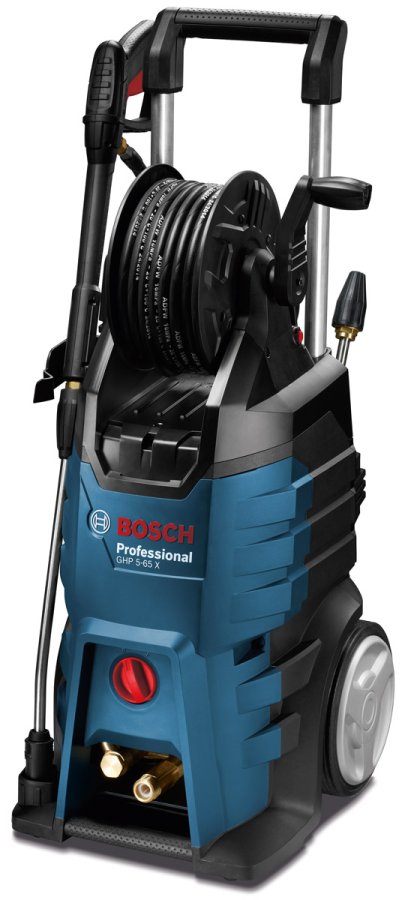 BOSCH GHP 5-65 X Professional vysokotlaká myčka 0600910600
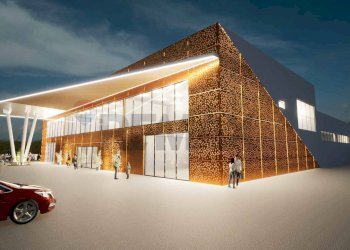 Casa all\'aperto - Building land Sant'Antimo - photo 5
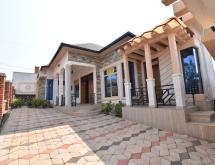 Kigali Nice house for rent in Kanombe Gasaraba - Image 1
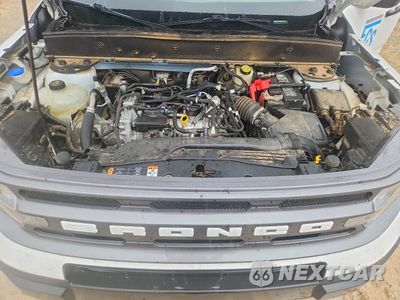 Zdjęcie 12 z 13 samochodu: 2023 FORD BRONCO SPORT BIG BEND VIN:3FMCR9B66PRD71565 - miniatura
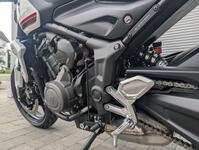 TRIUMPH Trident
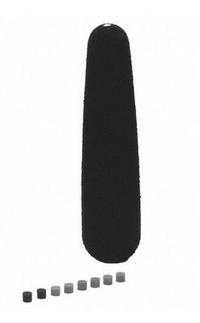 Sennheiser MZW 71 Windsch. fr MKH70, inkl. Kennz.-Set 8 Farben, AN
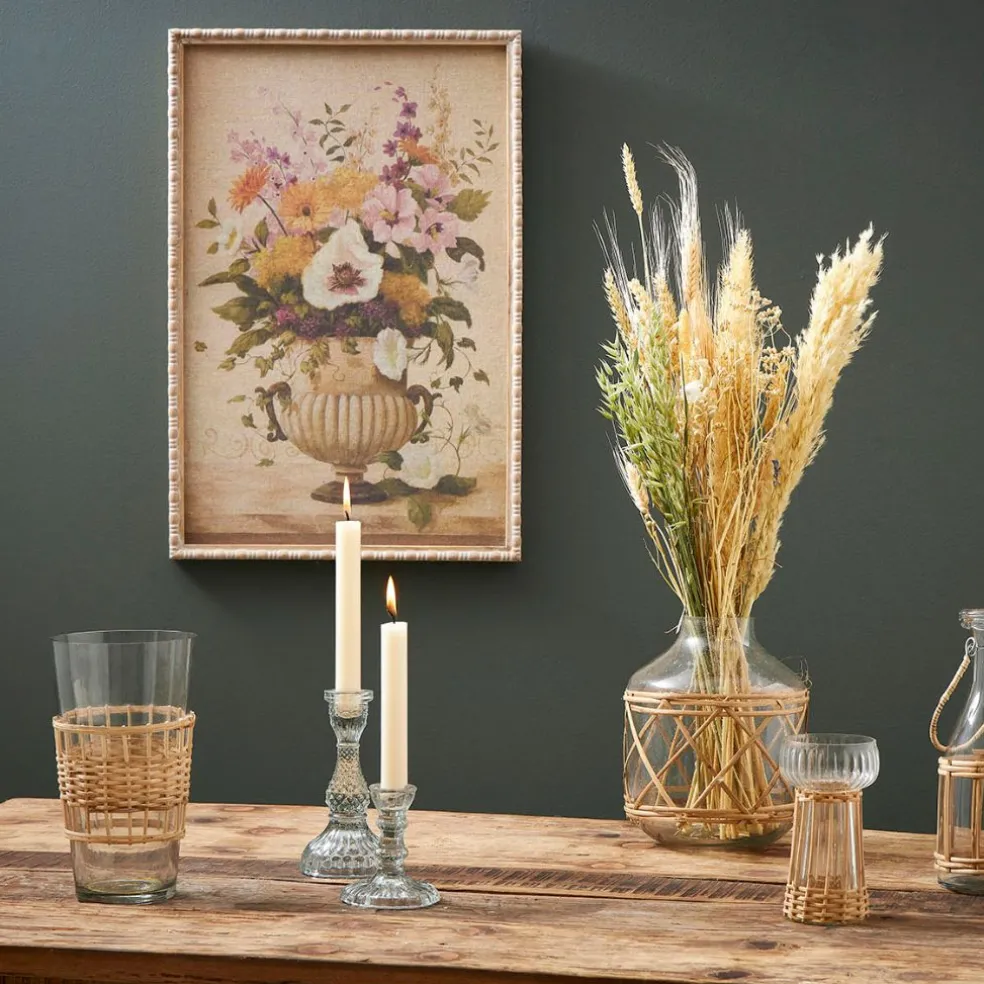 Tableau de fleurs - Bouquet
################
## Work instructions:
Quote the listing above in full, except for the pictures.

## Output for this task:
 BOSCH GHP 5-65 X Professional vysokotlaká myčka 0600910600
 Casa all\'aperto - Building land Sant'Antimo - photo 5
 Kigali Nice house for rent in Kanombe Gasaraba - Image 1
 Zdjęcie 12 z 13 samochodu: 2023 FORD BRONCO SPORT BIG BEND VIN:3FMCR9B66PRD71565 - miniatura
 TRIUMPH Trident
 Sennheiser MZW 71 Windsch. fr MKH70, inkl. Kennz.-Set 8 Farben, AN
 Tableau de fleurs - Bouquet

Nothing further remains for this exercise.